How can we sanctify schisms?
If only it were so simple. For one, “two sides” assumes a tidy binary that just isn’t there. Even in my own reflection on the complexities of human sexuality, I feel pulled in many directions at once, finding rest in one conclusion one day, and in another the next. So many others feel the same. And of course, a hastier move toward a schism might initially seem better in a pulling-a-bandaid-off kind of way, yet the pain still creates fissures through families and friendships, and will trickle down through the generations, too.

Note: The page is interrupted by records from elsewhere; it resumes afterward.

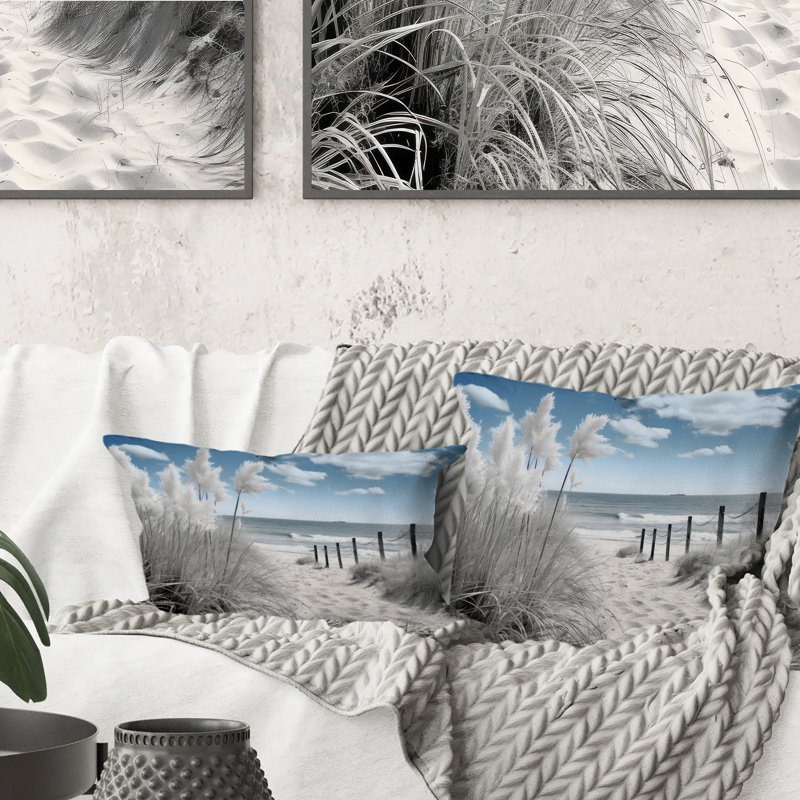 Coussin , H 12 po x l 20 po, Rectangulaire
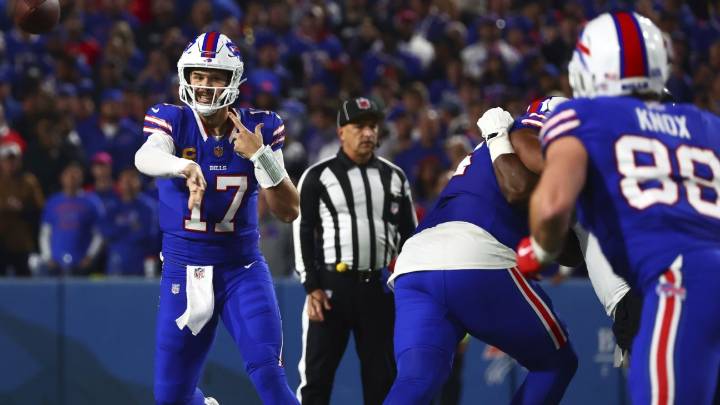 Ravens vs. Bills: Live updates from Lamar Jackson, Josh Allen's Week 1 matchup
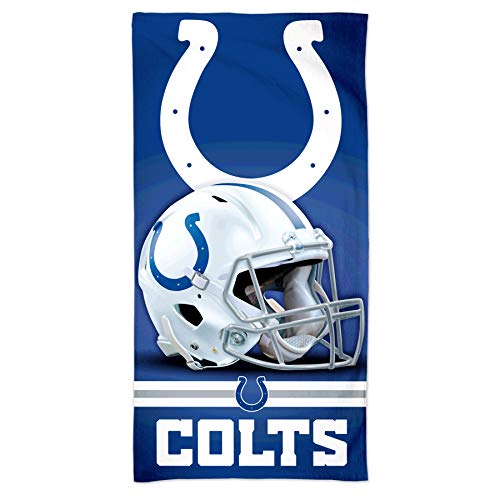Wincraft NFL Indianapolis Colts 3D Strandtuch 150x75cm von Wincraft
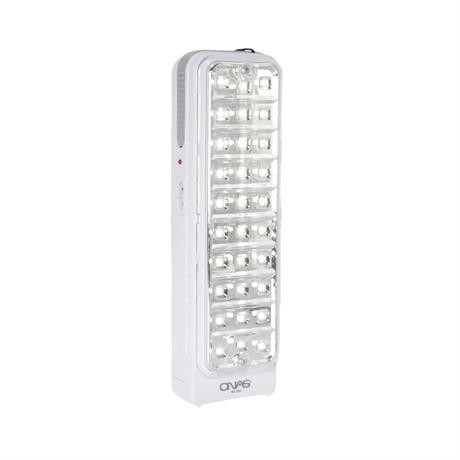 ONAS 30 LED'li 1800mAh Şarj Edilebilir Sensörlü Işıldak NS-201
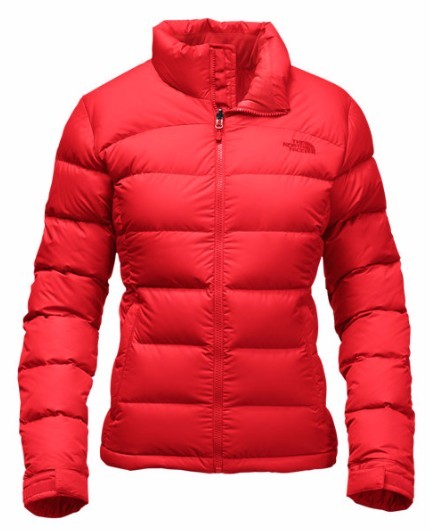 the north face women's nuptse 2 jacket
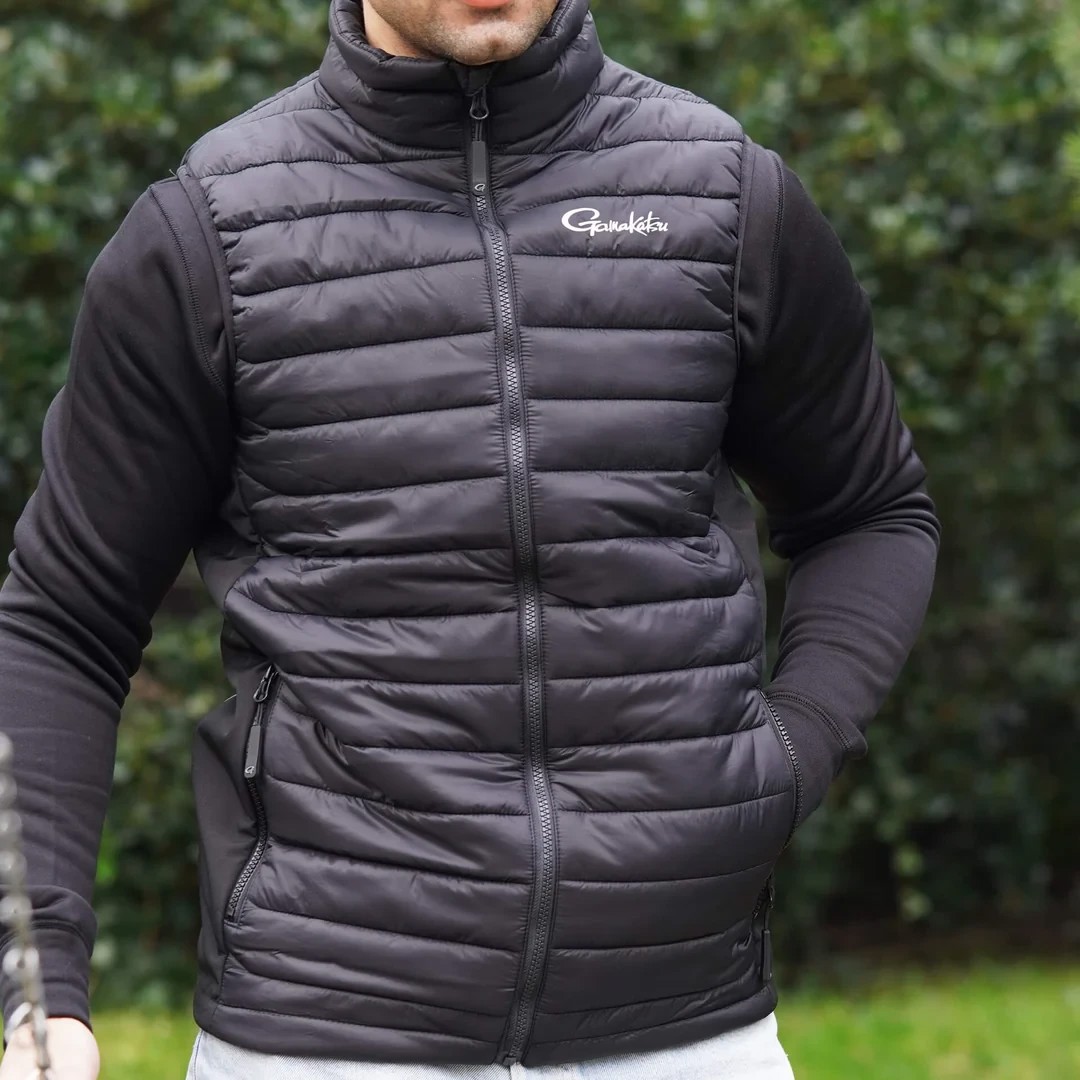 Жилет Gamakatsu G-Vest (Slim Fit)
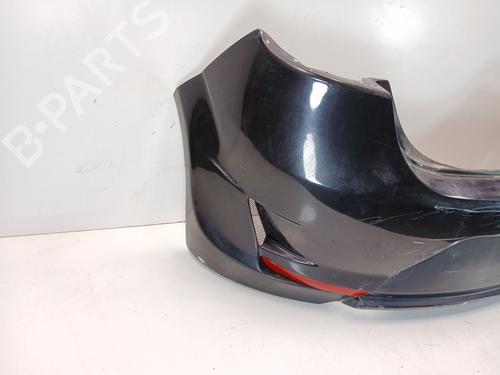 Rear bumper SEAT LEON (1P1) 2.0 TDI 16V | BP27838648C8 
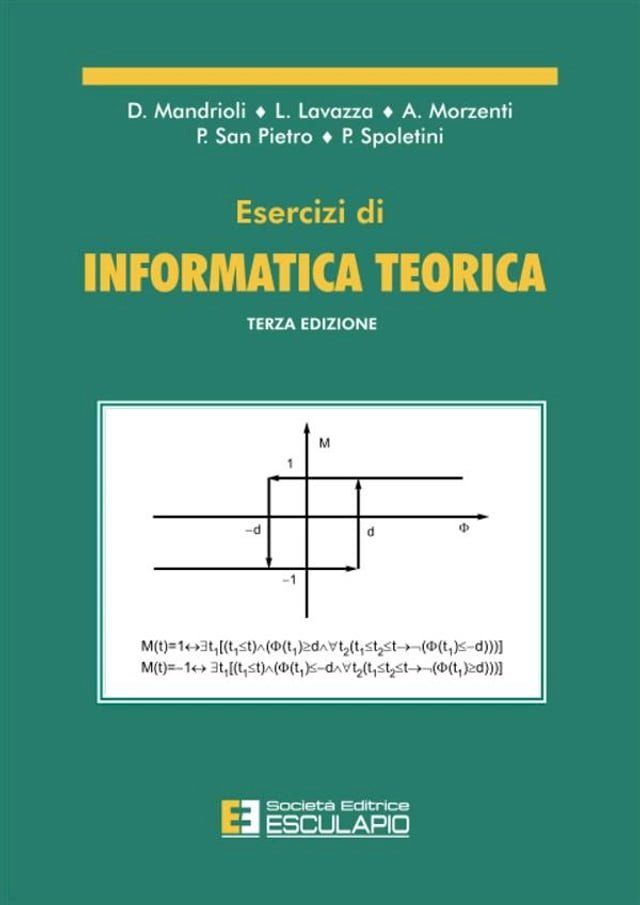  Esercizi di Informatica Teorica(Kobo/電子書)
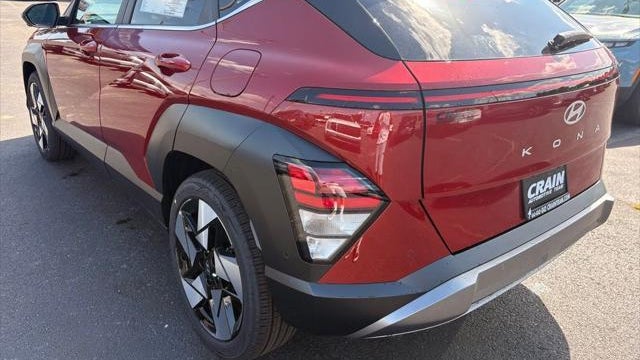 2026 Hyundai KONA Limited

It is understandable, though, that we might think this way in an effort to sanctify our schismatic tendencies, as a way to paint over the shame and guilt we might feel about standing on this precipice yet again. Generally, I’m loathe to recommend wading around in shame and guilt, but on this score, I don’t think we feel them as intensely as we should.
The dictionary tells me that the noun form of my early morning word is vivisectionist. I didn’t know that until now, but I’m grateful to receive it, too, as now I have another name for our tribe. It’s who we are, isn’t it? The history of our little communion in the broader church catholic is lousy with schism after schism after schism. It seems every forty or sixty years we decide that we just can’t live with each other any longer, and that it’s time to cut this body into ever smaller parcels. Somehow we think this shows how deep and serious is our love for God and his word.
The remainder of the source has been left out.